**Information supplied:**
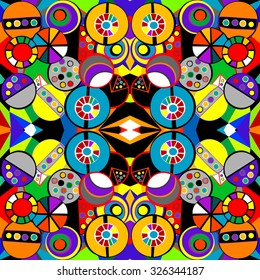 Colorful background pattern in cubism style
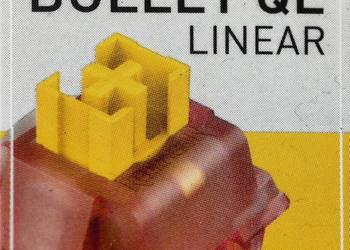 Switche / przełączniki Red dragon Bullet QL Liniowe  99 szt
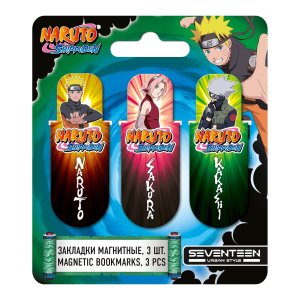 Закладки магнитные Naruto 3шт NTLB-US1-BM-H3 184915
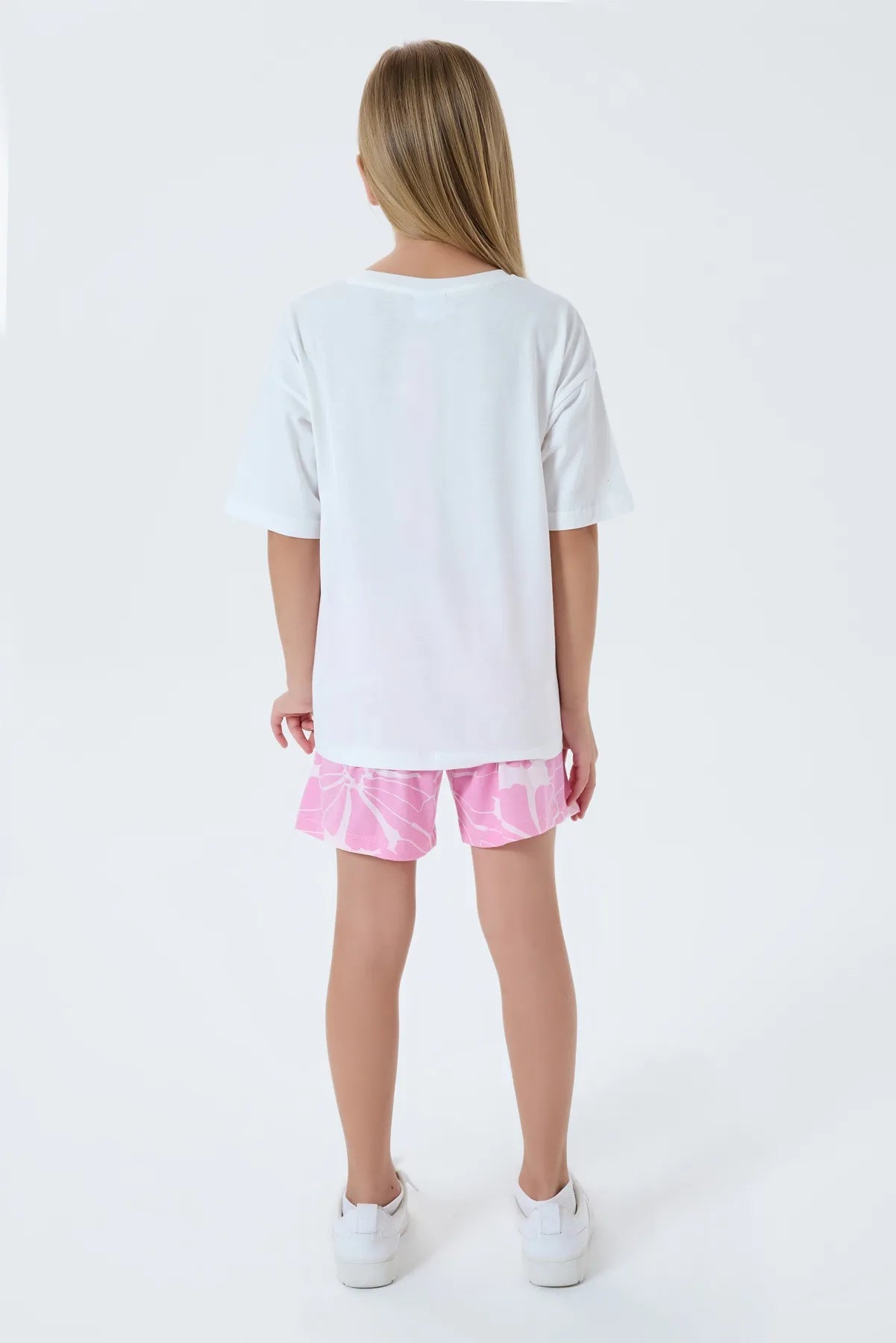 U.S. Polo Assn. White Girls White Two Pieces Set SKU: US2507_White Image 04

**Your assignment:**
Write the lines above out again exactly, excluding every picture.

**Exercise response:**
 Colorful background pattern in cubism style
 Switche / przełączniki Red dragon Bullet QL Liniowe  99 szt
 Закладки магнитные Naruto 3шт NTLB-US1-BM-H3 184915
 U.S. Polo Assn. White Girls White Two Pieces Set SKU: US2507_White Image 04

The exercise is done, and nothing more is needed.